Ringkøbing-Skjern Museum
The Ringkøbing-Skjern Museum was created in 2007 through the merger of the Ringkøbing Museum with the Skjern-Egvad Museum. The former is a regional museum with a section on Danish expeditions and an Icelandic collection. The latter is an open-air museum in the west of central Jutland in Denmark. The museum is spread over ten locations, with two by two museum parts being so close together. It is more like an ecomuseum than a classic open-air museum.
location
The individual locations are in Ringkøbing and around the southern part of Ringkøbing Fjord as far as Esbjerg in the south.
Sub-museums
The Skjern-Egvad Museum consists of ten sub-museums (as of 2007):
- Ringkøbing Museum in Ringkøbing
- Reconstructed Viking harbor Bork Vikingehavn on the south bank of Ringkøbing Fjord ( location )
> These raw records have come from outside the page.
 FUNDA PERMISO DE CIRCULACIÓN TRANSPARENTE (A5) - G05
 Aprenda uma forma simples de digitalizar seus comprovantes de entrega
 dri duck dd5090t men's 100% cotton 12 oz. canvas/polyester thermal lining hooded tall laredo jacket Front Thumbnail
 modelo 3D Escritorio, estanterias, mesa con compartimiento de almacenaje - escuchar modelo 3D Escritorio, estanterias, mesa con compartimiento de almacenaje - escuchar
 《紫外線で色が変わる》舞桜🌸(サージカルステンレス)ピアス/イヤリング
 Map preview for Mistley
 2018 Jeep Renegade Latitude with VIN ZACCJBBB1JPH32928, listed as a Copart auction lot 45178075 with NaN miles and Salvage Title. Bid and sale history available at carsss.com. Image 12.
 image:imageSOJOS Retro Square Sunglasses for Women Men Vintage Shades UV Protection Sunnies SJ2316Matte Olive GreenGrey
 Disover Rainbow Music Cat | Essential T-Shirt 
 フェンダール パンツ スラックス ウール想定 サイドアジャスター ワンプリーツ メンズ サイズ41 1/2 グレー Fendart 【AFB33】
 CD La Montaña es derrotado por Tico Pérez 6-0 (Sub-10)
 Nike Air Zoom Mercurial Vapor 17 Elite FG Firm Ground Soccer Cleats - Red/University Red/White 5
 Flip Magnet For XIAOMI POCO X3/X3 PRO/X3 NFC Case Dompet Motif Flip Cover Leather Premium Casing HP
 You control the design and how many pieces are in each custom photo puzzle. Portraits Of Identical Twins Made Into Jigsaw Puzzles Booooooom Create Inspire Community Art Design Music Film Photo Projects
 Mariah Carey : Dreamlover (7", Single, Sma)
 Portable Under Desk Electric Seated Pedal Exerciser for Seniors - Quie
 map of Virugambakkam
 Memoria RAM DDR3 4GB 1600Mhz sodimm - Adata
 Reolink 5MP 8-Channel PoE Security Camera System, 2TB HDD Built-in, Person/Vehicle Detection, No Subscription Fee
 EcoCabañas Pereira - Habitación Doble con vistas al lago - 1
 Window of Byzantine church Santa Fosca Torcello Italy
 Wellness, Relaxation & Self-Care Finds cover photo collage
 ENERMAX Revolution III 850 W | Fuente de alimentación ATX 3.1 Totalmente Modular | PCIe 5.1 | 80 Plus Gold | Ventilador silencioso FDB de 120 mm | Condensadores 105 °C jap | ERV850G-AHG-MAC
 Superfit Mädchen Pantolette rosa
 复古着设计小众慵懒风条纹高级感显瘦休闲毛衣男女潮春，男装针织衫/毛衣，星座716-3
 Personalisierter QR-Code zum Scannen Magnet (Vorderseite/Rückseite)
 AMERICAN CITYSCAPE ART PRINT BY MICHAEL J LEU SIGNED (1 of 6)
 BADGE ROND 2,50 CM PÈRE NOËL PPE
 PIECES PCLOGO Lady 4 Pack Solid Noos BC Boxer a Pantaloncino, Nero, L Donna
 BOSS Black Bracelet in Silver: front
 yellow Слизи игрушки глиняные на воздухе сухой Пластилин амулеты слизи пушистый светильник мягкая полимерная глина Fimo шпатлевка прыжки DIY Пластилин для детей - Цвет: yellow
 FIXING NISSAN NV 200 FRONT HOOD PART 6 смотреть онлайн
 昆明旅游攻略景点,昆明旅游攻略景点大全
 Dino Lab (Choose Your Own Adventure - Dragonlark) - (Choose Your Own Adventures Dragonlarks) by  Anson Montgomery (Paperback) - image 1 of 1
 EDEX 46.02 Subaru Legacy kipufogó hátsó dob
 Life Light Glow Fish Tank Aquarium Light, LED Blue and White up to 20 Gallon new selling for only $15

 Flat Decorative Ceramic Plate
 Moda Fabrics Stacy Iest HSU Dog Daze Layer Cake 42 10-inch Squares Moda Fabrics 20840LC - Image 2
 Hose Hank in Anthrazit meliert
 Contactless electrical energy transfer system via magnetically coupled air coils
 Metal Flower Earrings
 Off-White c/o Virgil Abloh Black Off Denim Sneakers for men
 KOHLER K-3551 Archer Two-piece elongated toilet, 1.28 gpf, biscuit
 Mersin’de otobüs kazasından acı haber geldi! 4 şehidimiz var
- In the immediate vicinity was the historic Fahl Kro inn (burned to the ground on September 5, 2013) ( location )
- Reconstructed Iron Age settlement Dejbjerg ( Dejbjerg Jernalder ) at Skjern ( position ) with the reconstruction of one of the two 1880-1883 in Dejbjerg-Moor floats found
- In the immediate vicinity the Bundsbæk Mølle water mill ( location )
- In the dunes on the headland between Ringkøbing Fjord and the North Sea, the four-sided courtyard of the beach captain Abelines Gaard from 1854.
- Windmill Skjern Vindmølle ( location )
- Grange Gåsemandens Gård in Hemmet
- Farmhouse Hattemagerhuset in Tarm ( Lage )
- Skjern Village Museum and Nature Reserve
Attractions
Like most Scandinavian open-air museums, Ringkøbing-Skjern Museum is also lively in the summer - during the Danish school holidays: the mills operate several times a day, families live and work in the Iron Age village and the Viking village. A highlight is the Viking market at the beginning of August at the Viking Harbor in Bork.
Individual evidence
See also
Videos
Icelandic horses and Viking fights in the Viking harbor in Bork:
Web links
- Ringkøbing-Skjern Museum (Abelines Gaard also in German and English, the rest only in Danish)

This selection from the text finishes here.